“To preach or not to preach. That is the question.”
In your humble blogger’s mind, Palm/Passion Sunday is a day that practically begs for no homily at all. Consider for a moment the sheer heft of the liturgy up until the point where the Homily would take place:
- Entrance anthem
- Introduction to the service
- Proclamation of Jesus’ Entrance into Jerusalem
- Procession with Palms
- Opening Prayer
- First Lesson
- Second Lesson
- Proclamation of the Passion of Our Lord Jesus Christ
After all of that, even the shortest of homilies would bear a striking resemblance to the after-dinner mint offered to Mr. Creosote in Monty Python’s The Meaning of Life.

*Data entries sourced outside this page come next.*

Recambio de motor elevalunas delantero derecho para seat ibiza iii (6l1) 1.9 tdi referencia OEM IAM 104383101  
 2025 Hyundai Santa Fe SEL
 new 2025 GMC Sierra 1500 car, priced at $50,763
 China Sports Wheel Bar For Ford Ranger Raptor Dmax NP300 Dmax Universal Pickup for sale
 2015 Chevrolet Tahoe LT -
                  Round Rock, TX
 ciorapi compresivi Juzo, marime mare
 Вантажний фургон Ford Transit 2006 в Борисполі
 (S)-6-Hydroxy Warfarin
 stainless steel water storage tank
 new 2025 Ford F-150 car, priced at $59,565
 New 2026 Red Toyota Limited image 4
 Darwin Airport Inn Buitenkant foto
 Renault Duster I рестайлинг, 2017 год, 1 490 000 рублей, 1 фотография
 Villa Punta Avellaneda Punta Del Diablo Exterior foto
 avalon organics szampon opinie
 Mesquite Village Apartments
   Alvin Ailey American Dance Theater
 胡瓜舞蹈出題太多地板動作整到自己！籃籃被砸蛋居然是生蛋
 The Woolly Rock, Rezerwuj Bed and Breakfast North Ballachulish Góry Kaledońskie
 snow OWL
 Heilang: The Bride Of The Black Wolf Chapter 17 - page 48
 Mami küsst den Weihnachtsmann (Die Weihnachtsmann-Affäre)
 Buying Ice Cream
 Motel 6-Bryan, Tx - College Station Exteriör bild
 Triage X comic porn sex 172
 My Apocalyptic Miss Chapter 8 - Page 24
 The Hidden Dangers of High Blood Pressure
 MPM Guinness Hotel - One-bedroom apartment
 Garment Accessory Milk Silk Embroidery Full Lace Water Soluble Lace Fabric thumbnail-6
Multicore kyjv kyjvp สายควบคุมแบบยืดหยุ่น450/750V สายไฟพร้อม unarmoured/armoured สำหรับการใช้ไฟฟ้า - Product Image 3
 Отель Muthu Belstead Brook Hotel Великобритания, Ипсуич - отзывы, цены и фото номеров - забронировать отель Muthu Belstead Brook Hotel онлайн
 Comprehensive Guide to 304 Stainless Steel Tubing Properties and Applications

However, it must be admitted that many persons would disagree. Palm/Passion Sunday services tend to be extremely well-attended, and often by those who are at church on few other occasions during the year. Those whose connection to their faith is somewhat tenuous probably need to have this rich banquet explained to them, if only so that they don’t go home wondering “what on earth was that all about?” for another year.
In that spirit, Katherine Lauer Rigler offered readers of Homily Service in 2009 a short explication of the mystery of reversal which lies at the heart of the Palm/Passion Sunday proclamation.
In this story, what begins as Jesus’s triumphant entry into the city of Jerusalem becomes his depraved arrival to the place outside the city where he will be mocked and die. The cheers and triumphant shouts of the people welcoming “the one who comes in the name of the Lord!” become a cacophony of an angry mob shouting “Crucify Him!” The tone of worship shifts from one of festive celebration to solemnity. In order to get to the empty tomb of Easter morning we must go by way of the cross. And let’s face it: most of those in our congregations will not make it to services during Holy Week. They will miss the rest of the story if they skip from the triumph of Palm Sunday to the empty tomb on Easter morning. Not only will they miss the story, they will miss our part in the story. For those who miss the story, God’s generosity and grace look like a cheap trick instead of a gift of love and sacrifice. This last Sunday of Lent should prepare us for Holy Week by allowing us to contemplate our journeys through the entire Lenten season thus far.
How does your congregation “do” Palm/Passion Sunday?
Katherine Lauer Rigler (2008): 5 April 2009; Lent 6; Palm/Passion Sunday, Homily Service, 42:2, 72.
Katherine Lauer Rigler is a Presbyterian minister (PCUSA).